Physics MCQs for Class 12 with Answers Chapter 10 Wave Optics

Q.1. The locus of all particles in a medium, vibrating in the same phase is called
(a) wavelet
(b) fringe
(c) wave front
(d) None of these

Answer

Answer: (c)

Q.2. Which of the following is correct for light diverging from a point source?
(a) The intensity decreases in proportion for the distance squared.
(b) The wavefront is parabolic.
(c) The intensity at the wavelingth does depend of the distance.
(d) None of these.

Answer

Answer: (a)

Q.3. Wavefront is the locus of all points, where the particles of the medium vibrate with the same
(a) phase
(b) amplitude
(c) frequency
(d) period

Answer

Answer: (a) Wavefront is the locus of all points, where the particles of the medium vibrate with the same phase.

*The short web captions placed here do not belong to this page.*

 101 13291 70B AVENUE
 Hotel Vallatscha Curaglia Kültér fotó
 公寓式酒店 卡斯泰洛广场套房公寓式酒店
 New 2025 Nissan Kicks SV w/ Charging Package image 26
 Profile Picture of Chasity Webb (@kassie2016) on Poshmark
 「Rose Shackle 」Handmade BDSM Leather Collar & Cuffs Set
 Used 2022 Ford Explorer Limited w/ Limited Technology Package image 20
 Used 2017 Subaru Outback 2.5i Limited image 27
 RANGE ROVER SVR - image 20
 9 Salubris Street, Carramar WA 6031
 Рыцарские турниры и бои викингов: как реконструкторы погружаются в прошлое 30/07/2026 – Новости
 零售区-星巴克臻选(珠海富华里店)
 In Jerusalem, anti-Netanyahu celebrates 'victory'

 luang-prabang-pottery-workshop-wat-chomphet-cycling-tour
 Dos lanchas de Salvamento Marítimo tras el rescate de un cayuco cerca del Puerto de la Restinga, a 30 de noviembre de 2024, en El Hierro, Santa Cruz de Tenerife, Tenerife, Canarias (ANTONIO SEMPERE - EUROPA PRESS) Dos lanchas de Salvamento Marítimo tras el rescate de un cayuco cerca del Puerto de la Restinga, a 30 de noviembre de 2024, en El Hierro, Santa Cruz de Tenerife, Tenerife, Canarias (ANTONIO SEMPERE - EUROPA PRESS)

Q.4. The phenomena which is not explained by Huygen’s construction of wavefront
(a) reflection
(b) diffraction
(c) refraction
(d) origin of spectra

Answer

Answer: (d) The Huygen’s construction of wavefront does not explain the phenomena of origin of spectra.

Q.5. Huygen’s concept of secondary wave
(a) allows us to find the focal length of a thick lens
(b) is a geometrical method to find a wavefront
(c) is used to determine the velocity of light
(d) is used to explain polarisation

Answer

Answer: (b) Huyghen’s principle gives us a geometrical method of tracing a wavefront.

Q.6. A plane wave passes through a convex lens. The geometrical shape of the wavefront that emerges is
(a) plane
(b) diverging spherical
(c) converging spherical
(d) None of these

Answer

Answer: (c) Converging spherical

Q.7. Spherical wavefronts, emanating from a point source, strike a plane reflecting surface. What will happen to these wave fronts, immediately after reflection?
(a) They will remain spherical with the same curvature, both in magnitude and sign.
(b) They will become plane wave fronts.
(c) They will remain spherical, with the same curvature, but sign of curvature reversed.
(d) They will remain spherical, but with different curvature, both in magnitude and sign.

Answer

Answer: (c)

Q.8. When light suffers reflection at the interface between water and glass, the change of phase in the reflected wave is
(a) zero
(b) π
(c) π/2
(d) 2π

Answer

Answer: (b) Phase reversal occurs i.e. phase change = π takes place on reflection, because glass is much denser than water.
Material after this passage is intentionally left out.